7 Comments Add your own

  • 1. Patrice Mallette  |  April 10th, 2011 at 2:38 am

    I have just discovered LiveCode for iOS today and was considering giving it a try. Looking at their online documentation, I had flashbacks of my beginnings using hypercard and director. Do you know if the end result can look professional enough to consider developing serious apps with it? How solid/complete a solution can it be, compared with director or flash, for example?

  • 2. Raman  |  April 11th, 2011 at 10:42 pm

    I’m really not sure about how end products look – I did very basic testing. I really wish trial periods for products would be some number of hours, and not 30 days…I always end up getting so busy I can’t really try things out.

    Some of the case studies on their site look interesting. It would be nice to know which iPhone/iPad apps were developed with it.

  • 3. jrdixey  |  April 13th, 2011 at 7:17 pm

    I enjoyed reading this post. Just found out over on the Director forum on Adobe.com that a live webconference took place today with the dev team for Director – I missed it, by several hours, and came here looking for a rumored transcript.

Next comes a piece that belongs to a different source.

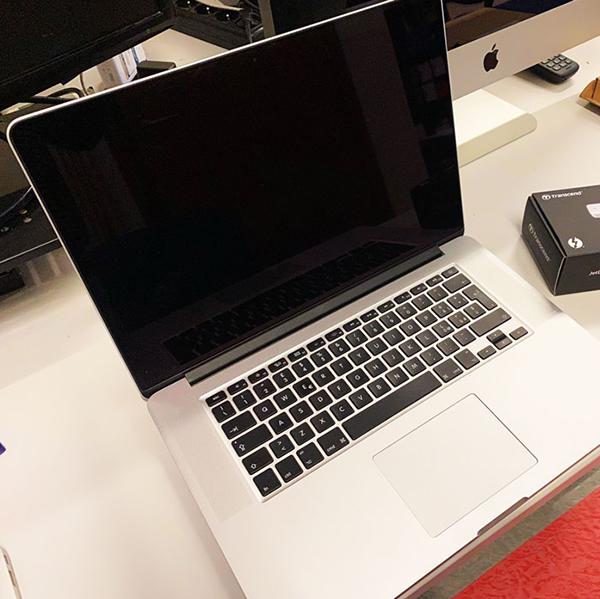 Sostituzione hard disk con SSD nei MacBook Pro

    Even for those of us who did fairly sophisticated stuff with OOPish frameworks built in Director and relying on all kinds of 3rd party xtras, the basic simplicity of stage, sprites and scripts, along with all those stored OOP routines, was key to being able to rapidly pull together rich media applications.

    I worked on a simple little application using another tool not too long ago, and had to put it aside when I realized that they had made zero provision for delivering without a live web connection to download and install player software. I went back to using Director, because at least I knew I could reliably create an .exe that I could load on a USB stick and distribute to use on Windows systems where the user doesn’t have the rights to install anything.

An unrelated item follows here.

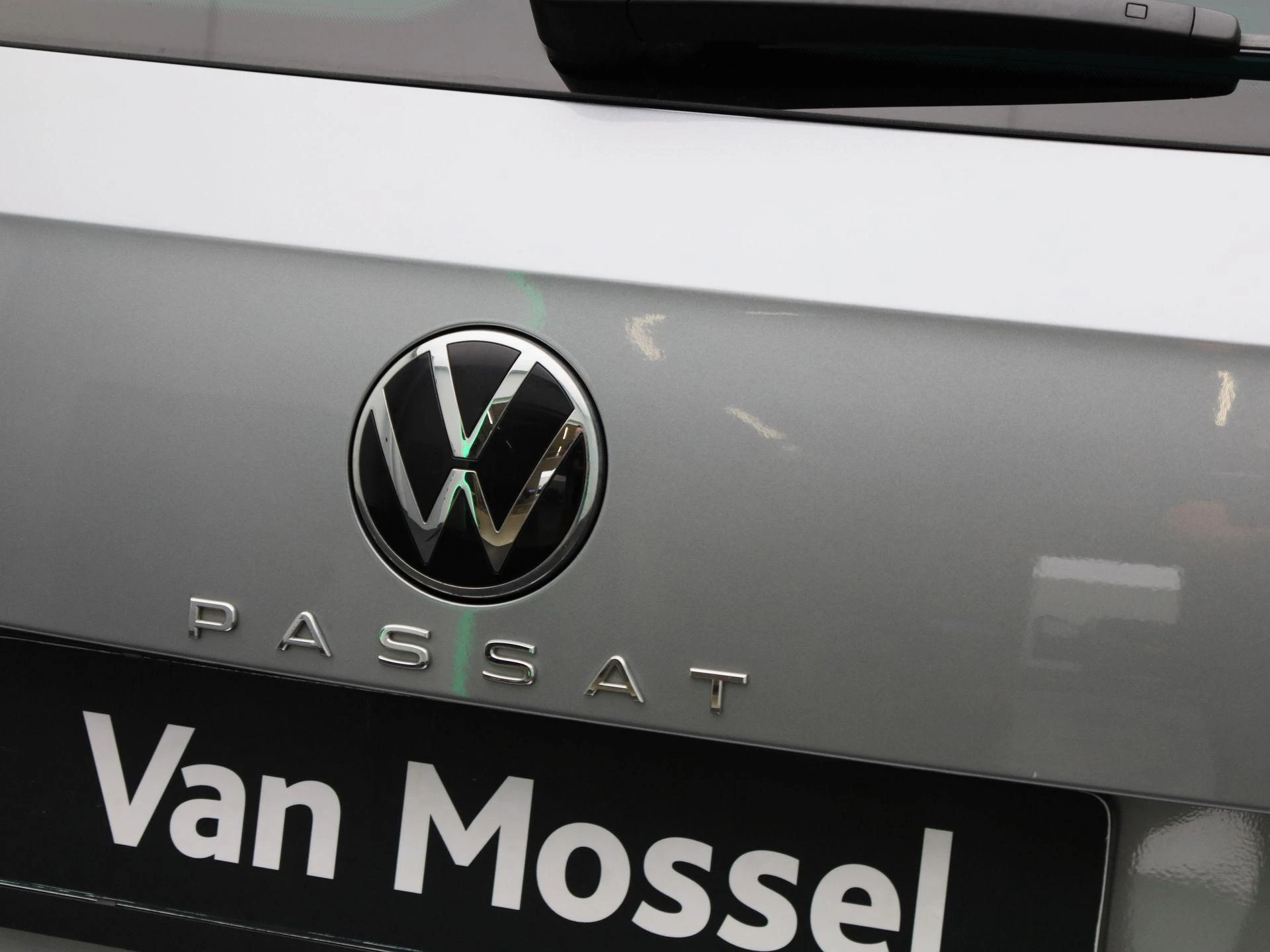 Volkswagen-Passat-image-46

    I sure wish Adobe “got it” about Director, but clearly they don’t. Even the “Developers” link on the Adobe site for Director 11.5 now goes to an archive page (one that doesn’t even mention Director).

  • 4. Raman  |  April 14th, 2011 at 12:13 am

    I’ll try to post a quick summary of the online meeting in the next day or so. Sounds like 3D is the primary focus at this time.

    Sprites, stage, and scripts = simplicity 🙂 I also wish Adobe had made different decisions over the years.

  • 5. K-Hartmut  |  April 19th, 2011 at 12:39 am

    I’ve also been looking with dismay at the shift in programming style, away from the style in Director, that is fairly open to talented amateurs. Director got sidelined (as well as vastly overpricing it for what most less-than professional users can reasonably justify, unless the employer pays for it). My guess is that Adobe simply wants to train the world to become fixated on Flash, and therefore avoid nurturing competition from the Director line. Somewhat similar to how the U.S. auto manufacturers bought up railway lines in the early 1900s for the single reason to shut them down – to sell more cars.

    At Adobe, the hardcore pros started to dominate the development of Flash, and they are those who scoff at the amateurish ways of less-than-Programming-God tinkerers, and have heart attacks about the proper religion of Object Orientations etc. For heaven’s sake, don’t mix with the programming rabble.

    Director can do a whole lot of things quite nicely, whether it fits the current programmers religion or not. For those of us who are the programming rabble, it’s been taken from our hands, and assigned as the exclusive realm of those who spend years learning the programmer’s trade.
    And that’s very disappointing

  • 6. Agustin Maria Rodriguez  |  April 19th, 2011 at 9:47 am

    I agree it’s sad how Adobe dropped Director… For what I’ve been hearing (from non-programmers) about Unity 3D, it has the visual intuitive interface you seem to like. cheers

  • 7. Dale  |  September 5th, 2012 at 9:25 pm

    I too would be back to Director in a heartbeat if they came out with and export to IOS feature. I’ve seen a demo from GDC of an IOS ported Directed driving game, so it looks like it’s in the works. I’m currently using Livecode, which is ok, but nowhere near as nice as Director for animation etc. Fingers crossed Director 12 comes out this year!